Short descriptive text snippets
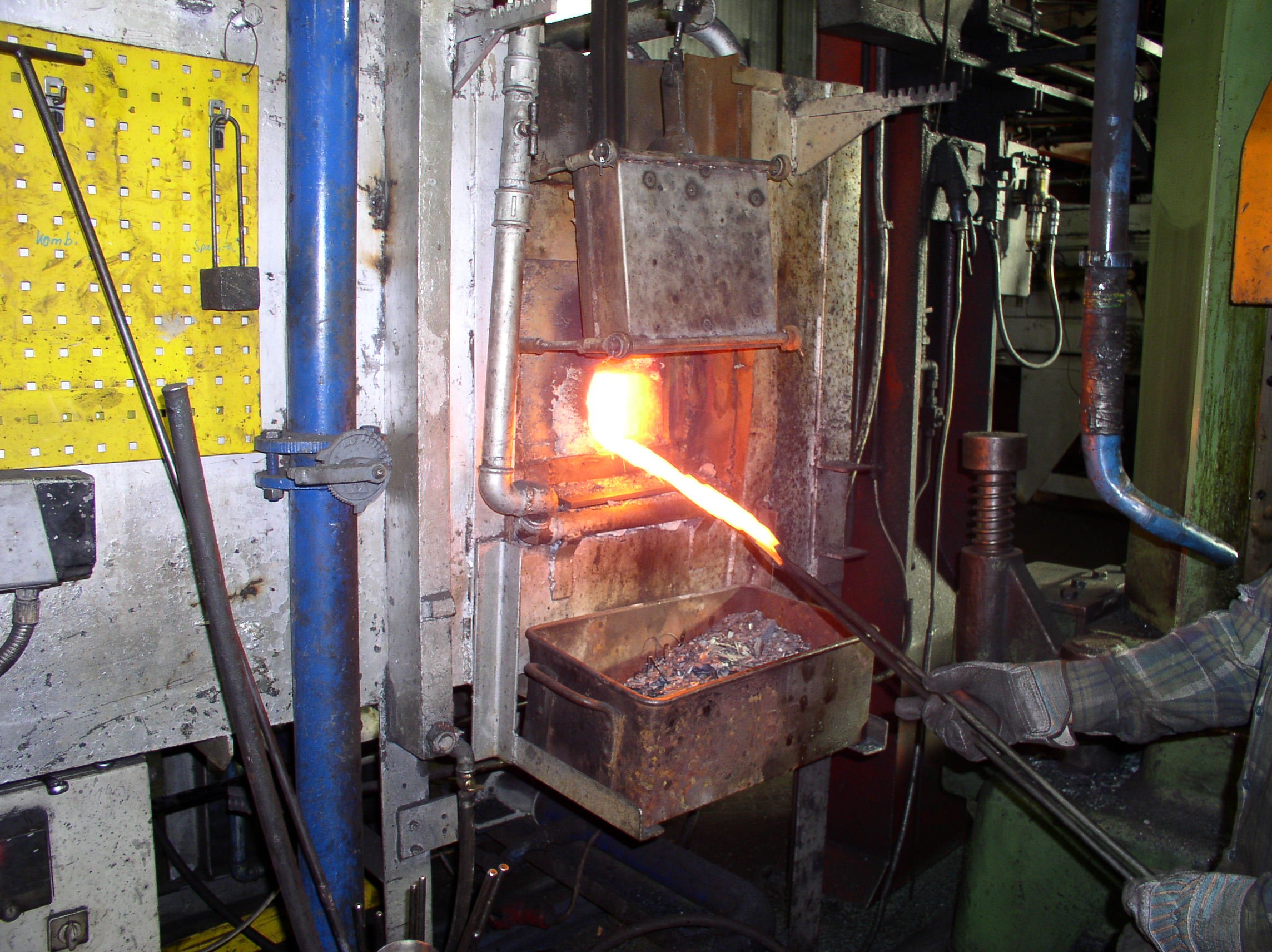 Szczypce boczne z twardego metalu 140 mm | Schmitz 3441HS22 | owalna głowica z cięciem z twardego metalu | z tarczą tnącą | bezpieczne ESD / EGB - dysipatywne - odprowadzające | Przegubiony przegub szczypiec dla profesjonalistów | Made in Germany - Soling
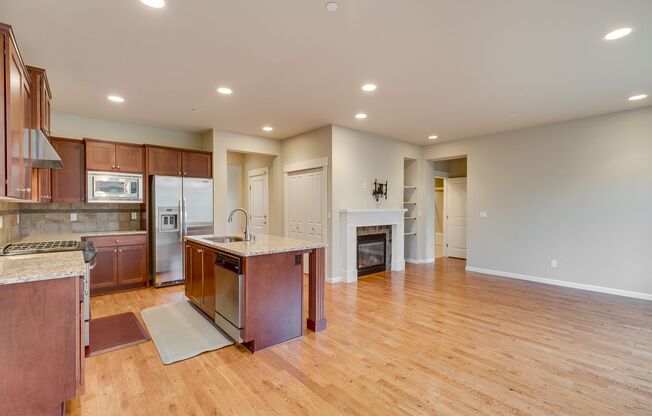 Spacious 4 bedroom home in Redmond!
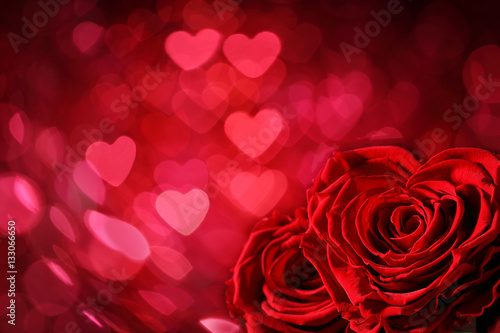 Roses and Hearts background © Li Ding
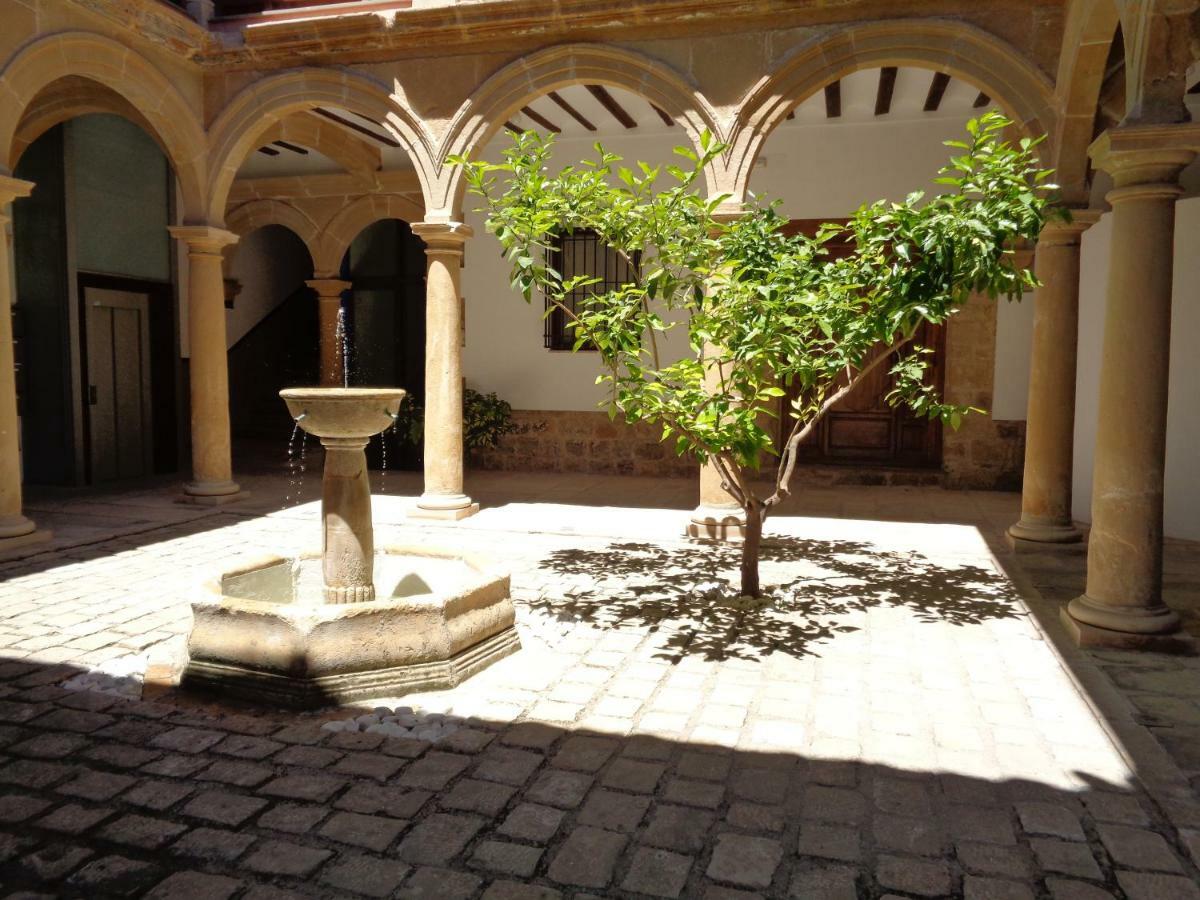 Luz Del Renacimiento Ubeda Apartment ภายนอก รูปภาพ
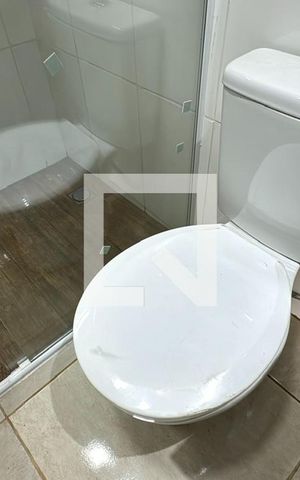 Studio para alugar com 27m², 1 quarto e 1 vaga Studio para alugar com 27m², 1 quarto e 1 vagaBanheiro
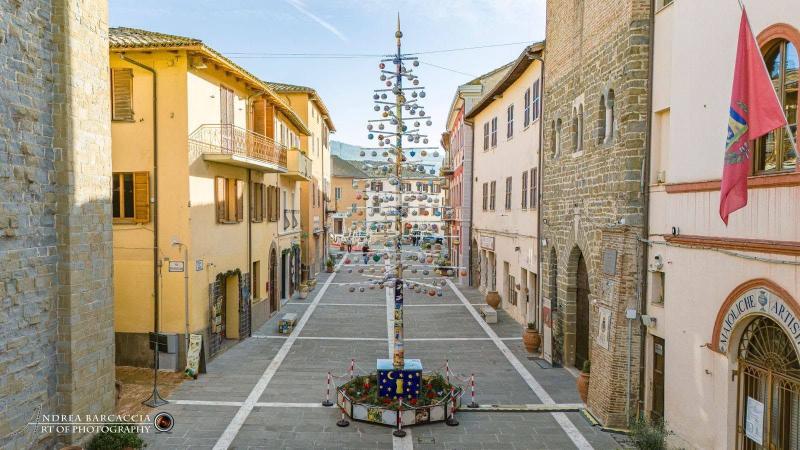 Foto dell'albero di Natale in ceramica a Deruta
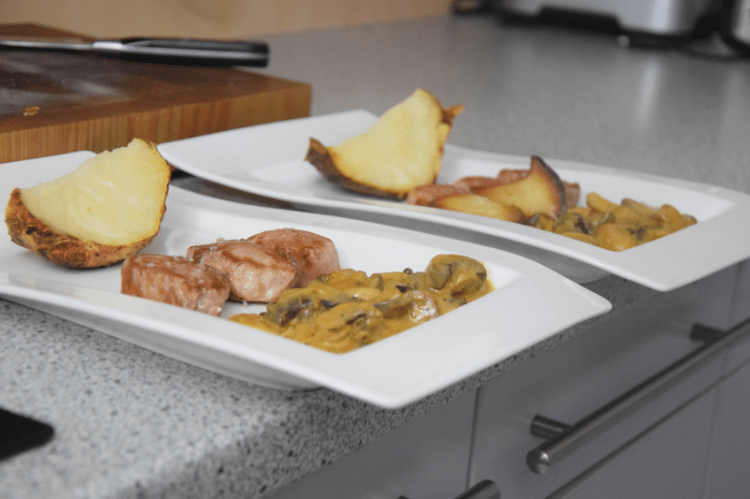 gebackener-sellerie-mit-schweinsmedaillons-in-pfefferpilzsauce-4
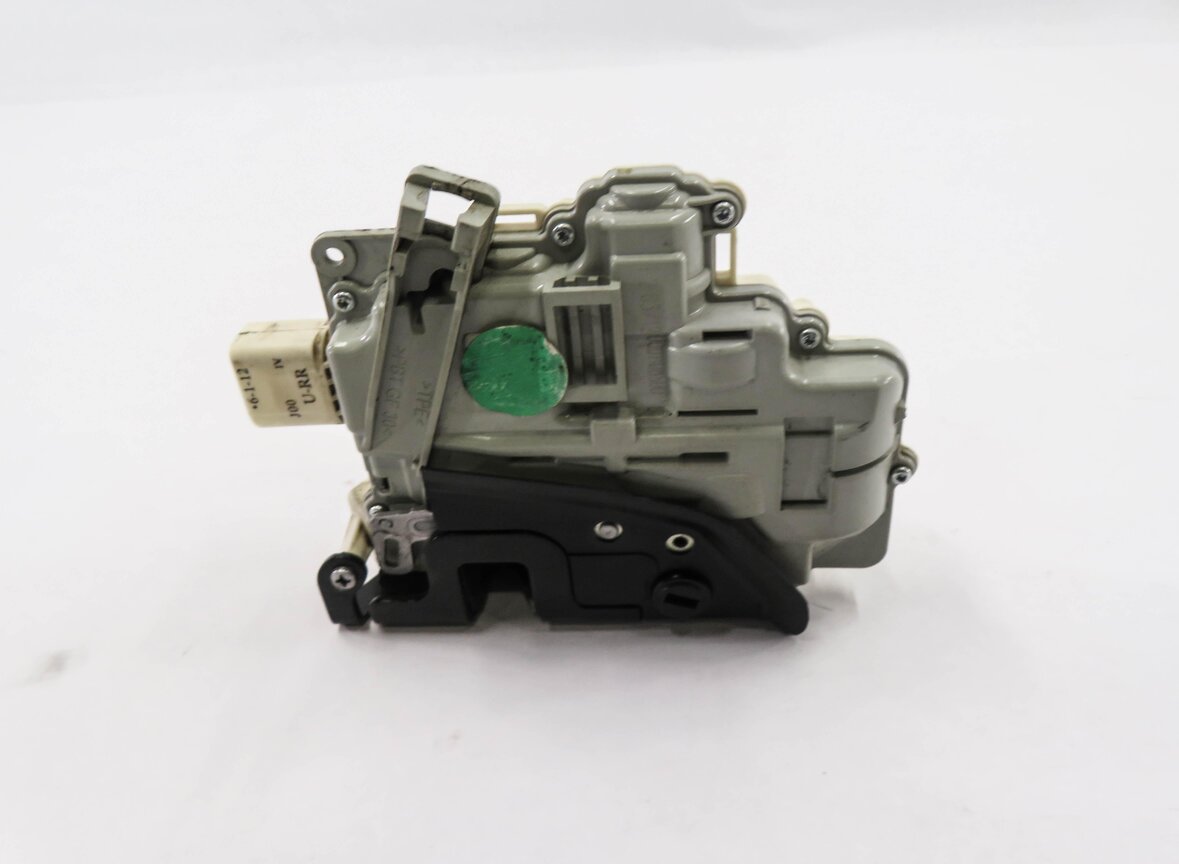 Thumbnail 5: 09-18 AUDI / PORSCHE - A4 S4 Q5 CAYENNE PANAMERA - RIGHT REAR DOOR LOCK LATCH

Assigned task
While skipping the pictures, transcribe the data above from the line showing "Roses and Hearts background © Li Ding" through the line showing "Foto dell'albero di", exactly and with both ends.

Reply to the task
 Roses and Hearts background © Li Ding
 Luz Del Renacimiento Ubeda Apartment ภายนอก รูปภาพ
 Studio para alugar com 27m², 1 quarto e 1 vaga Studio para alugar com 27m², 1 quarto e 1 vagaBanheiro
 Foto dell'albero di Natale in ceramica a Deruta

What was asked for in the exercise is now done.